What the SDK does not abstract: TAP registration and key management, application-level spending controls, chargeback reserve logic for server operators, server-side Server Enabler integration with a PSP, and the selection of a vault provider to act as Client Enabler. The spec's Server Enabler side — decrypting the credential and routing to a card network — requires a PSP integration, which the SDK does not cover. Server operators need a separate acquiring relationship and a Server Enabler that handles encrypted network tokens. The spec is PSP-agnostic, but the acquiring relationship is not — a developer without an existing card processing setup cannot run the server side of a card MPP flow from the SDK alone.
The audit status of the SDK itself was not disclosed in Visa's announcement. The draft-card-charge-00 Internet-Draft expires September 25, 2026, and is explicitly marked a working document subject to change. Teams building against it now should treat the credential schema — particularly the JWE payload structure and the challenge binding format — as potentially unstable through the IETF review cycle.

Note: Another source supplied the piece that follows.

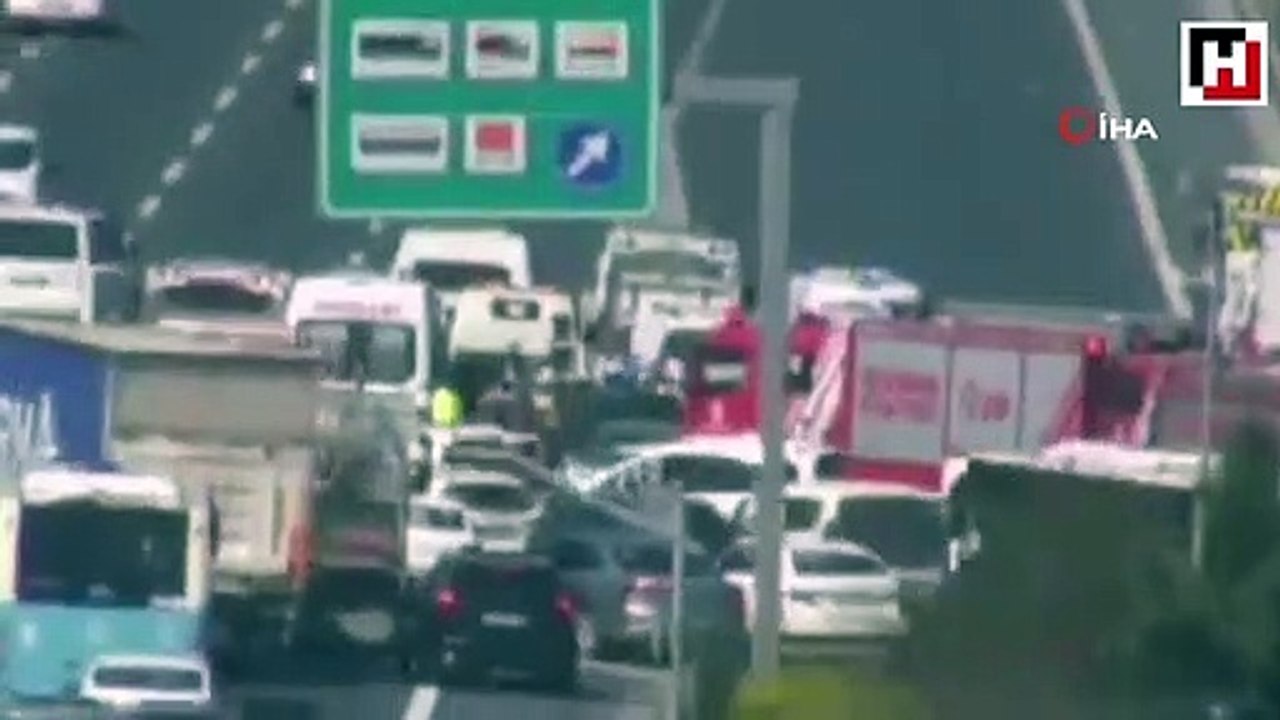 TEM otoyolu Ümraniye mevkiinde kaza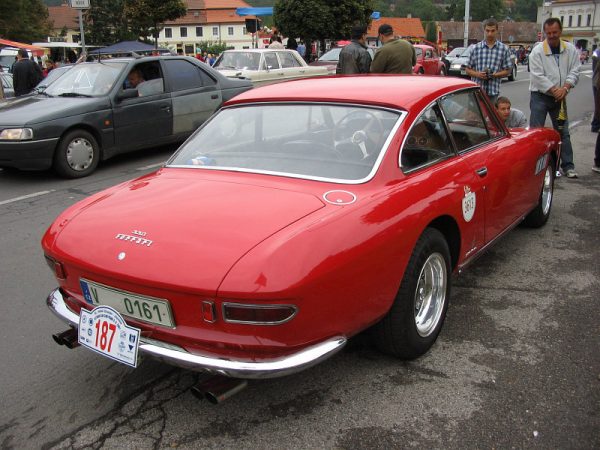 Ferrari 330 GT 2+2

MPP payment method specifications at paymentauth.org
The milestone to track is whether the card charge spec advances toward IETF RFC status before the September 2026 expiry. Ratification freezes the credential schema and gives PSPs a stable target for Server Enabler implementation — without it, each spec revision is a potential breaking change for SDK consumers. For teams already building on MPP's stablecoin flows, the more immediate integration question is whether a future TAP SDK version ships with a unified client that handles both card and on-chain credential types through a single interface, eliminating the need to maintain two separate credential provisioning paths per agent.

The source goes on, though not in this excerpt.